O autor de O tempo e o vento sempre se definiu como um contador de histórias. E o que ele nos oferece no Gato Preto é, em todos os sentidos, um romance. Os personagens desta jornada são as pessoas que encontrou, as cidades em que esteve e, duplamente, ele próprio já que, por diversas vezes, tecia diálogos com um fantasma particular auto-denominado Malasartes.

  

O país encontrado por Erico, ao desembarcar em Nova York , era um país jovem, entusiasmado e, muitas vezes, pendendo do otimismo para a inocência. Pessoas sorridentes, que demonstram sua prosperidade sem ostentá-la, pontuam todo o relato.
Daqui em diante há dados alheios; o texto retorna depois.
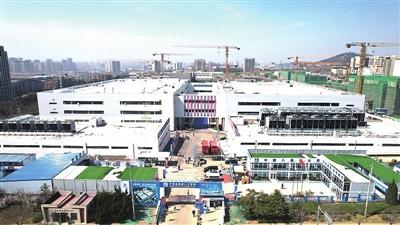 嶗山區發布2025年城市更新和城市建設行動方案 年內實施8大類123個項目建設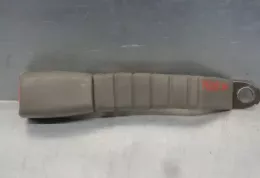 7464006000AAD пряжка переднего ремня безопасности SsangYong Korando 1998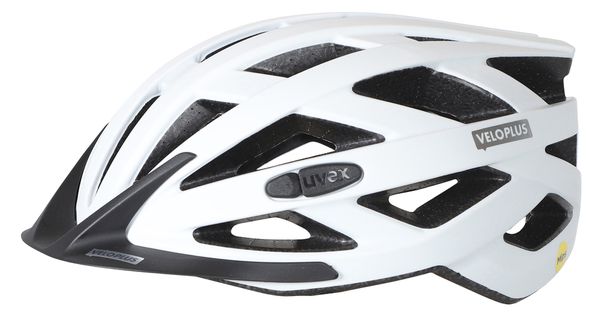 ICON MIPS / weiss matt / S/M 52-57CM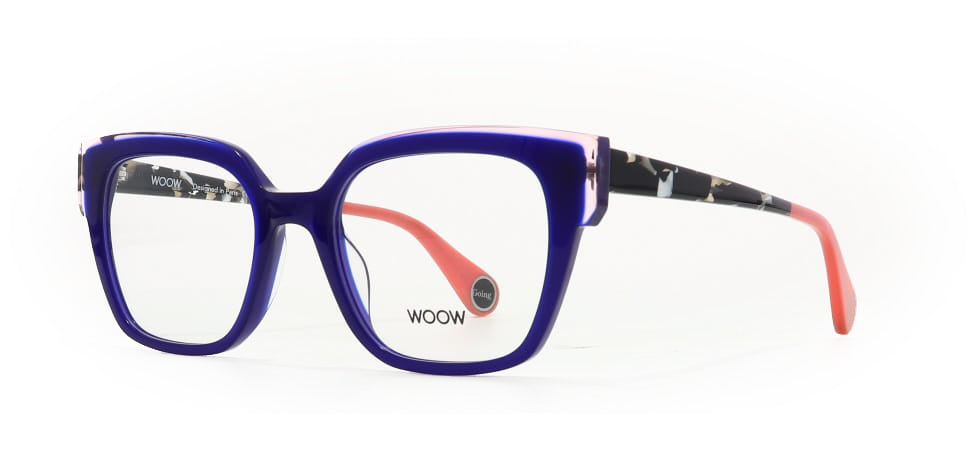 Image of Woow Eyewear Frames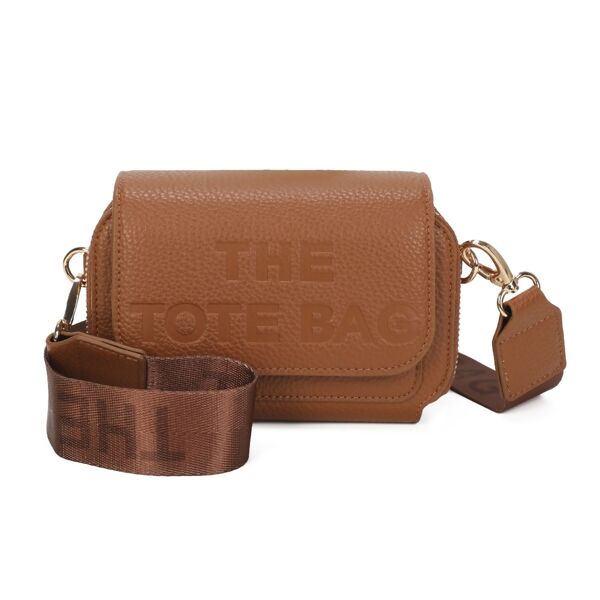 Camera Tote Bag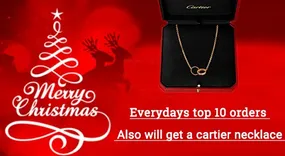 Luxury Cartier, Van Cleef & Arpels Jewelry for Sale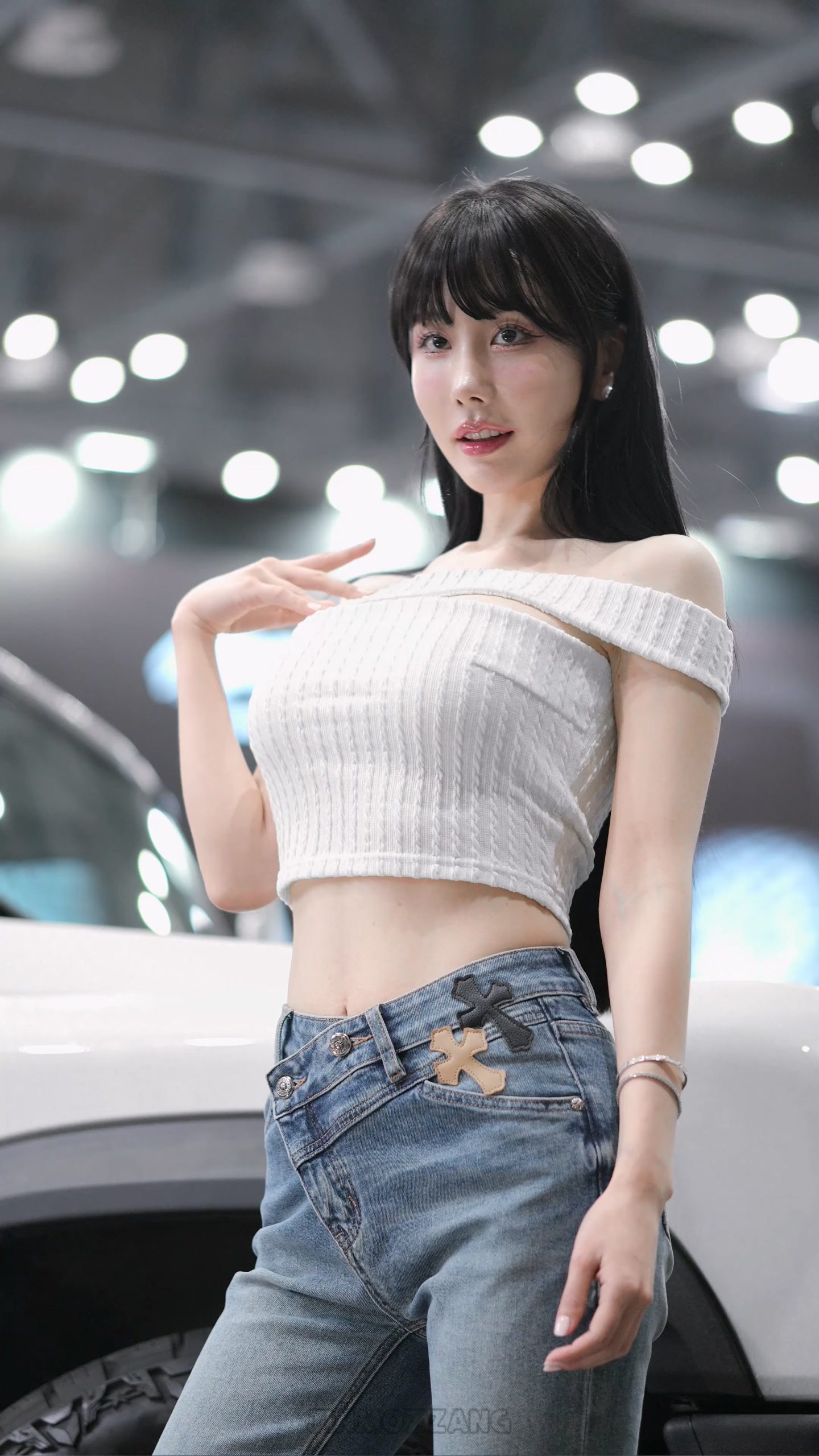20250517 Show girl[54部合集 15.3G]插图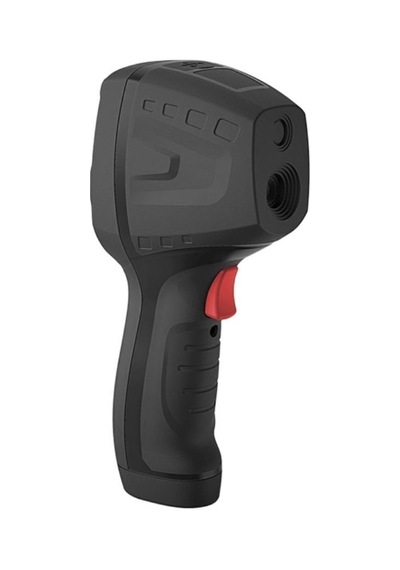 Cem Dt-870 Termal Kamera Bluetooth Bağlantı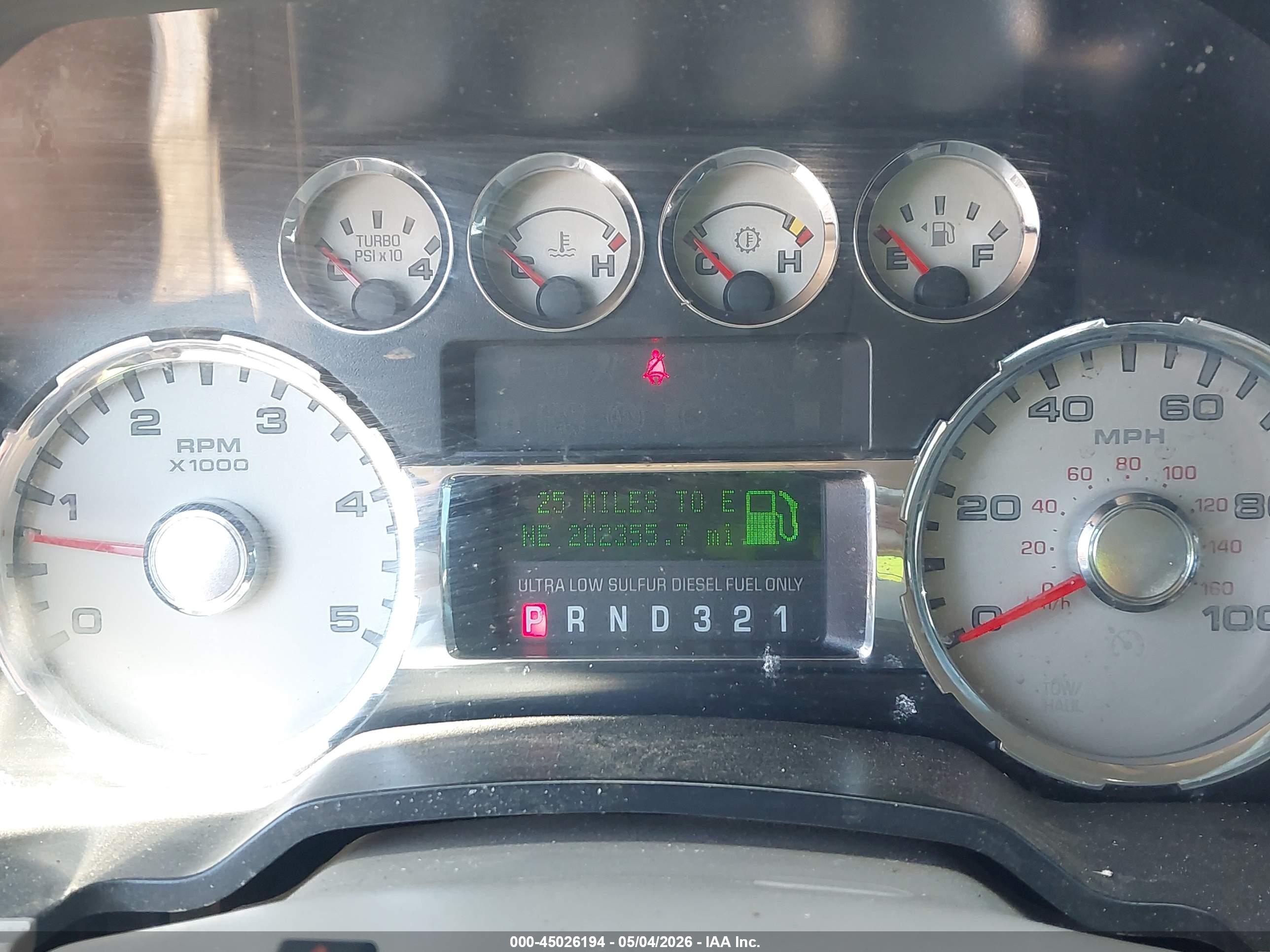 FORD F-350 image 6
De escritores, como W. Somerset Maugham, ao engraxate da Quinta Avenida, todos revelam a cordialidade de quem é confiante no futuro do país, mesmo que estivessem preocupados quanto ao resto do mundo; afinal, eram tempos de guerra.

 

Por meio da admiração frente ao respeito às liberdades individuais, também transparece a crítica ao Estado Novo. Ali o romancista cede lugar ao cidadão, que questiona, através do exemplo norte-americano, muitas das alternativas escolhidas pelo governo brasileiro e, por que não?, pelo povo de seu país.

 

Mesmo nestas passagens, no entanto, não existe traço de rancor para com ambas as realidades. Erico não possui aquela antipatia contra a posição dos Estados Unidos frente ao mundo, tão em moda até hoje.  Seu olhar busca muito mais a substância do que o contorno enrijecido. Quer, em primeiro lugar, compreender, para então poder refletir.

 

O lado obscuro também é desnudado nos guetos de Nova York ou nos bairros negros de Washington.  A pobreza, o preconceito e a intolerância fazem parte das cores desta tela. Mesmo assim, não é um discurso ideologizado, no qual a pobreza é mero artifício do discurso político.  Antes de tudo, a pobreza é tratada como condição à qual nenhuma pessoa deveria ser entregue.

 

Estamos acostumados a ver o pior lado dos Estados Unidos. Durante os últimos oito anos, uma política unilateral ditou os rumos da nação. Entretanto, com as eleições recentes, o melhor dos norte-americanos veio à tona: a necessidade de ser voluntário; a vontade de fazer valer a sua opinião dentro das regras não apenas da democracia, mas também do respeito mútuo. Esta é a América que Erico Veríssimo nos mostra.

 

Em tempos tão brutos quantos os nossos, vale a pena ler Gato preto em campo de neve, pois este é um exercício de tolerância e de ponderação responsável acerca do mundo em que se vive. Não é a toa que a ultima palavra do livro é esperança.

 

Erico Verissimo. Gato preto em campo de neve. São Paulo: Companhia das Letras, 2006 (original: 1941)

 

Dennis de Almeida é historiador e estudioso da obra de Erico Veríssimo.